(Stored entries)
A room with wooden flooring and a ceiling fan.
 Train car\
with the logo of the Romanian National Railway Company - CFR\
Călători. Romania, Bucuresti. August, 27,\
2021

* To do
Transcribe every entry verbatim.

* Answer for the task
A room with wooden flooring and a ceiling fan.
 Train car\
with the logo of the Romanian National Railway Company - CFR\
Călători. Romania, Bucuresti. August, 27,\
2021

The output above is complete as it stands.